Though it is hard to scalably measure, one possible “eval” flavor for explainability is: having seen this AI output and/or explanation, how much better is a human at solving a similar but new problem?
In summary
There’s some circularity here: improving human-AI collaboration is useful for general scalable oversight. But making AIs better at collaborating with humans (e.g. via precise instruction following and improved explainability) is itself a hard scalable oversight problem that needs a lot of human input and feedback. But I think this is surmountable!



I was thinking something similar about weak-to-strong generalization. I think current methods work for things like having an imperfect human grader for proof-based math problems or well-scoped biology problems, where you want the reward model to find "truth" or "correctness." But it seems hard to fix things like these:
For example, if I ask Claude to help me with a research project and the idea ends up not working, it will end up not criticizing the idea and trying to "push for a paper" but won't care about the broader goal of the research. Or if you're having a conversation, the model won't explicitly reason about how beneficial the answer will be to me, say, 10 conversation turns and 1 day later. I feel like current W2S only works for "correctness" rather than for being a helpful agent.

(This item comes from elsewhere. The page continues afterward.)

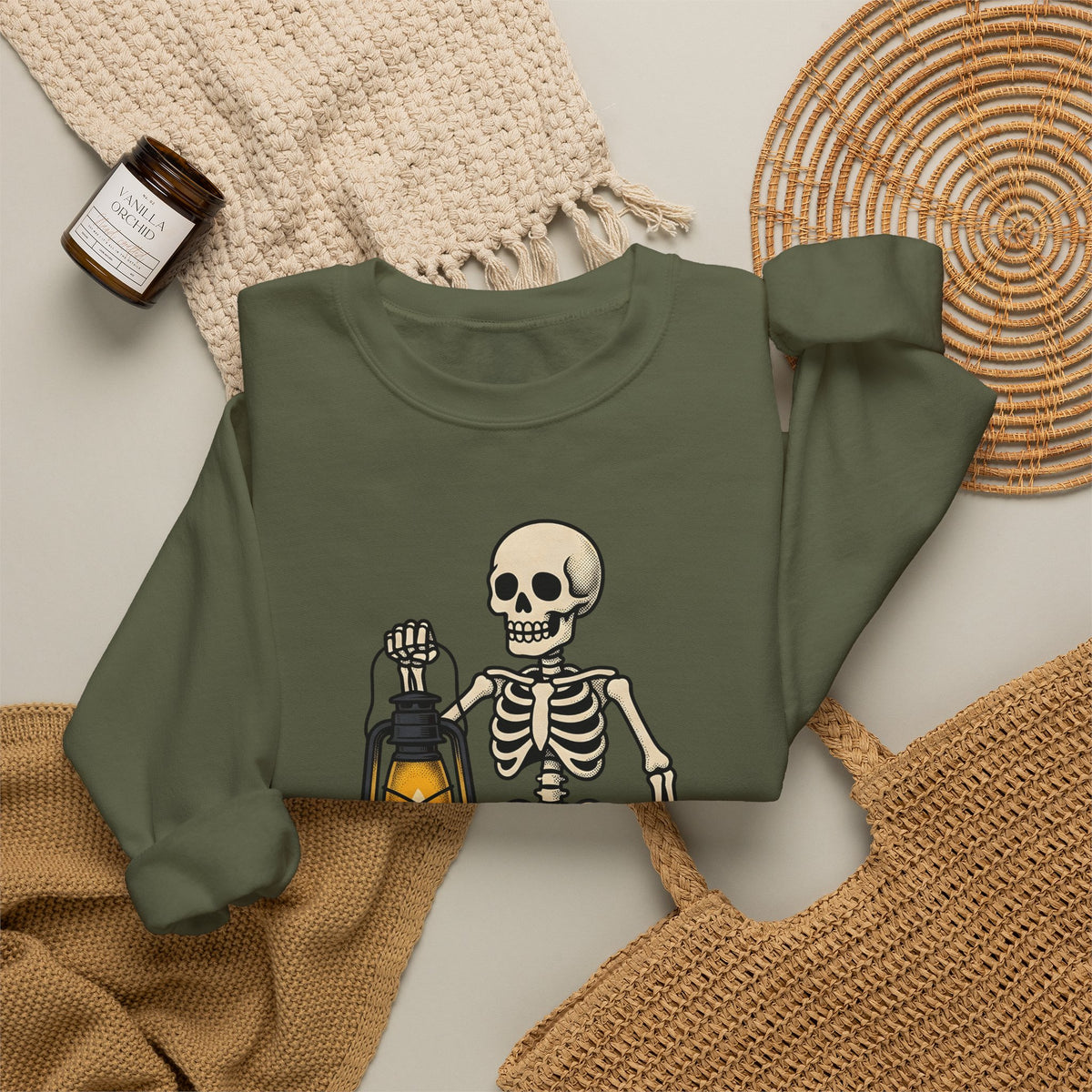 Skeleton Lantern Halloween Spooky Gift Vintage Jack O Lantern Horror Fan Creepy Hand Drawn Sweatshirt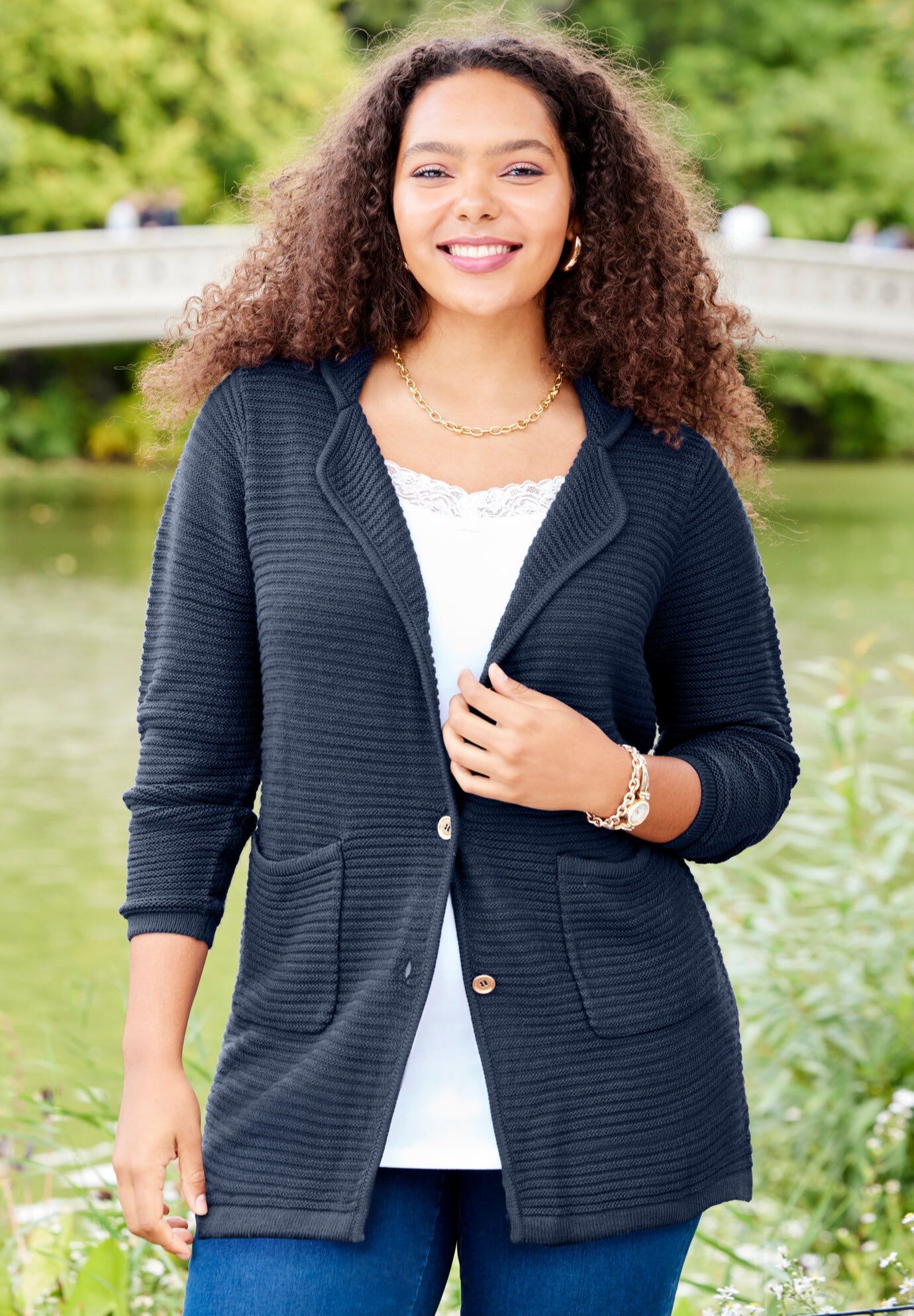 Ottoman Stitch Cardigan Blazer, NAVY, hi-res image number 0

The joke thing reminds me of infrabayesian or policy-dependent RL. In traditional RL the optimum is deterministic, but if the reward function depends on the policy (the parameters of the model), it isn't. For example, you can sample 1000 jokes before the RL step, then if the model generates a joke similar to one of the 1000 previous ones, you penalize it, and doing gradient descent/policy gradient this way is stable since the policy dependence doesn't vary over time. The problem is that this is inefficient with neural networks, as the only way to probe the policy is by sampling the network many times, unless some sort of advanced interpretability is used or a KL penalty with a base model is used, which presumably doesn't scale (it would be policy-dependent in the sense of logit-dependence instead of parameter-dependence).
Maybe the fix, as you say, is just accepting that it's deterministic and then using some sort of joke diffusion process to generate new jokes by using the randomness from the initial input.